** Activity **
Below are the entries to work from; restate word for word the portion that opens with the line containing "Ballade de la" and closes with the line containing "Mama wa Totsuzen", keeping both.

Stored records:
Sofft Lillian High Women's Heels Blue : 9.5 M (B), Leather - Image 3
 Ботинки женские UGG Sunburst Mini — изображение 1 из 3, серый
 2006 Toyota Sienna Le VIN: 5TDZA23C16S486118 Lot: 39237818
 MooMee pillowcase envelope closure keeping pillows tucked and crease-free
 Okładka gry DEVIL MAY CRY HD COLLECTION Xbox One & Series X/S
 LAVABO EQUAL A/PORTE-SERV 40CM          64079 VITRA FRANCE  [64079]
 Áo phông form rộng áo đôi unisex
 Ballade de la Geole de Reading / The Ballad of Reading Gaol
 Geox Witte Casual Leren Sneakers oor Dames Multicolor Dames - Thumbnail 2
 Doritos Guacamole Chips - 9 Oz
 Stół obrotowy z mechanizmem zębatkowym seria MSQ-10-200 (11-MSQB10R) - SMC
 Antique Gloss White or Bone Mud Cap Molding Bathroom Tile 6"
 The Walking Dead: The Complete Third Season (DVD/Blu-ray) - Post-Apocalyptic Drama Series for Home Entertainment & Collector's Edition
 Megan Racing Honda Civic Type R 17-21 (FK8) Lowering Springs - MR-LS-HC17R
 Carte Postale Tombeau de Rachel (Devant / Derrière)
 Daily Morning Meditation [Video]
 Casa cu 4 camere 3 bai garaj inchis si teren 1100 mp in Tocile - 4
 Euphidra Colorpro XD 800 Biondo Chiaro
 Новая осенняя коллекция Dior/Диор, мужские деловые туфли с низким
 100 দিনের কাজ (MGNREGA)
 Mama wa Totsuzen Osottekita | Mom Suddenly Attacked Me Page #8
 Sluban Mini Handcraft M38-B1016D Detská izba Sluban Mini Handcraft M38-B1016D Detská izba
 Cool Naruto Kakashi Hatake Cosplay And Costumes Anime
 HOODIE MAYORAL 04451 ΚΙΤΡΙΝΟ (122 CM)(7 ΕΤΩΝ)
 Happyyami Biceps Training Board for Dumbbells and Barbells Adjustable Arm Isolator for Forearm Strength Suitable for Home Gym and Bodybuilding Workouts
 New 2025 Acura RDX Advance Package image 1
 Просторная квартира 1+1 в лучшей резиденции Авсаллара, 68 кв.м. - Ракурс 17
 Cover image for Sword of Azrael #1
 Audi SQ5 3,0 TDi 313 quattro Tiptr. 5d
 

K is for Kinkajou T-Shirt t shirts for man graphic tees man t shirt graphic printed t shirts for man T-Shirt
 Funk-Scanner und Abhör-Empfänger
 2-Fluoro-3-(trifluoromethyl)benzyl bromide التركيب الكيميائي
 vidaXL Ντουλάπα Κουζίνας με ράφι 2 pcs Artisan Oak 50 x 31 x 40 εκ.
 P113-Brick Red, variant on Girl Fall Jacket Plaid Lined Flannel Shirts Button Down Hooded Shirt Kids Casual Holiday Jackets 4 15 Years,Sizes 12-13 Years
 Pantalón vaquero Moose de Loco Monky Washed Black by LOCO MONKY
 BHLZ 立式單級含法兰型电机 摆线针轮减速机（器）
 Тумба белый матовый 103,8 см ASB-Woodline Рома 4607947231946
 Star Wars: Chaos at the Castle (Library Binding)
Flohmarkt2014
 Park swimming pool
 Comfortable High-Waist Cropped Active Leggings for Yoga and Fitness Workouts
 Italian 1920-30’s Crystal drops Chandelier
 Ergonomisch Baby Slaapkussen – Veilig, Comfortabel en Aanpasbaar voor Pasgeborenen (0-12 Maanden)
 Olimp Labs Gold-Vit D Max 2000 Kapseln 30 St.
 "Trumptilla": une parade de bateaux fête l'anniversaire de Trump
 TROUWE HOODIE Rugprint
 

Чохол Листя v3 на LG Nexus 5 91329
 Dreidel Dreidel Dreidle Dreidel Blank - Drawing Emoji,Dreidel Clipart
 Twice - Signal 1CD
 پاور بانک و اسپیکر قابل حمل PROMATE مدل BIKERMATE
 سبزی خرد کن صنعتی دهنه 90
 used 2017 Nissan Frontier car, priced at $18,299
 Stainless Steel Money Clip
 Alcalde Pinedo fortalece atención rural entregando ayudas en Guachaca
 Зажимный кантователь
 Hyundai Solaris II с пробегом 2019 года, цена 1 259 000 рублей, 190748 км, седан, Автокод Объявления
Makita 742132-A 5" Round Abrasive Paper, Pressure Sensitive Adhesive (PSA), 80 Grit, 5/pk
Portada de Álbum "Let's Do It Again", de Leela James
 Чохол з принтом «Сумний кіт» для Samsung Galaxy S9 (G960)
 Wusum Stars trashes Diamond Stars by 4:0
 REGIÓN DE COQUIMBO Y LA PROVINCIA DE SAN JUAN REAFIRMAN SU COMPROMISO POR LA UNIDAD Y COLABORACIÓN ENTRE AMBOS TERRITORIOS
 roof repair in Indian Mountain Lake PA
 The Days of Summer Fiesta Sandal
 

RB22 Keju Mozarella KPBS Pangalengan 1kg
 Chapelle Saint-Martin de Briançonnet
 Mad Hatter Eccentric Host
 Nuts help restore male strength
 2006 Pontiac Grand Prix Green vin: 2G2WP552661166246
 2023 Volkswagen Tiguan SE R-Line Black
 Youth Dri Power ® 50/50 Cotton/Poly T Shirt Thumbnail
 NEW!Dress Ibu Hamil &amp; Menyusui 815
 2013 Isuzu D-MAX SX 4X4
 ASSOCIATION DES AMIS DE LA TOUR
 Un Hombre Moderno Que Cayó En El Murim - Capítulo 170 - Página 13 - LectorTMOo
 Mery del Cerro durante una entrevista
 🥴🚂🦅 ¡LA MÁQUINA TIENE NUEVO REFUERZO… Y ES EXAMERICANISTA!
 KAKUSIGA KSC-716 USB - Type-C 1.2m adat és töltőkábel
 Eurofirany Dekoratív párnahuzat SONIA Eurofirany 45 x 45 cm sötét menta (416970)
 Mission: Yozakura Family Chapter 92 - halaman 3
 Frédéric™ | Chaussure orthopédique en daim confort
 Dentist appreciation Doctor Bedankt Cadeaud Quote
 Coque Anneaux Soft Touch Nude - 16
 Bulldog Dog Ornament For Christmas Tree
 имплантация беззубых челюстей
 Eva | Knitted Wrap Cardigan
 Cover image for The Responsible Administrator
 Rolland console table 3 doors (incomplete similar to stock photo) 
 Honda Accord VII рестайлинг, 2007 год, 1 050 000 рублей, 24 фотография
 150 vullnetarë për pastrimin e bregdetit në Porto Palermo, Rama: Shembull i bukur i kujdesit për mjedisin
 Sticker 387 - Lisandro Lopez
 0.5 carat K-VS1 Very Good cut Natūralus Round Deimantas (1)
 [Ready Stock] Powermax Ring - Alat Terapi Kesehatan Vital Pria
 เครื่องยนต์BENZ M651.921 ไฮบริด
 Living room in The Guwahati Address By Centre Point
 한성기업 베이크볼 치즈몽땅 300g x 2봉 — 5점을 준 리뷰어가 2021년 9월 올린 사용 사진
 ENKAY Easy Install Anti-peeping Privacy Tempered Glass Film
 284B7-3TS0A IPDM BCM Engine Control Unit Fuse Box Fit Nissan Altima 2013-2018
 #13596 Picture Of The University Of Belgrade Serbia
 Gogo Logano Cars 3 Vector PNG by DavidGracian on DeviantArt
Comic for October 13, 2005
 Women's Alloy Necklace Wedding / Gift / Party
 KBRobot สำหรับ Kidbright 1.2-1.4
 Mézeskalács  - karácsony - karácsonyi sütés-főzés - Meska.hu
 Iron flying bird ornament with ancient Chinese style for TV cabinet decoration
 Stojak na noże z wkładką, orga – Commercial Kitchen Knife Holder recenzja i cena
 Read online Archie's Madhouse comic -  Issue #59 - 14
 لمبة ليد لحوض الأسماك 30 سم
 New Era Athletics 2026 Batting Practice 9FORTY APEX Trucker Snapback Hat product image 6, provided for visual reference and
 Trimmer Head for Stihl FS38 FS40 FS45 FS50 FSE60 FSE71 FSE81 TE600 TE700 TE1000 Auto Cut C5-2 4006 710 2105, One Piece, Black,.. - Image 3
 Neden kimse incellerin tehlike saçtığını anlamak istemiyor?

** Solution for this exercise **
 Ballade de la Geole de Reading / The Ballad of Reading Gaol
 Geox Witte Casual Leren Sneakers oor Dames Multicolor Dames - Thumbnail 2
 Doritos Guacamole Chips - 9 Oz
 Stół obrotowy z mechanizmem zębatkowym seria MSQ-10-200 (11-MSQB10R) - SMC
 Antique Gloss White or Bone Mud Cap Molding Bathroom Tile 6"
 The Walking Dead: The Complete Third Season (DVD/Blu-ray) - Post-Apocalyptic Drama Series for Home Entertainment & Collector's Edition
 Megan Racing Honda Civic Type R 17-21 (FK8) Lowering Springs - MR-LS-HC17R
 Carte Postale Tombeau de Rachel (Devant / Derrière)
 Daily Morning Meditation [Video]
 Casa cu 4 camere 3 bai garaj inchis si teren 1100 mp in Tocile - 4
 Euphidra Colorpro XD 800 Biondo Chiaro
 Новая осенняя коллекция Dior/Диор, мужские деловые туфли с низким
 100 দিনের কাজ (MGNREGA)
 Mama wa Totsuzen Osottekita | Mom Suddenly Attacked Me Page #8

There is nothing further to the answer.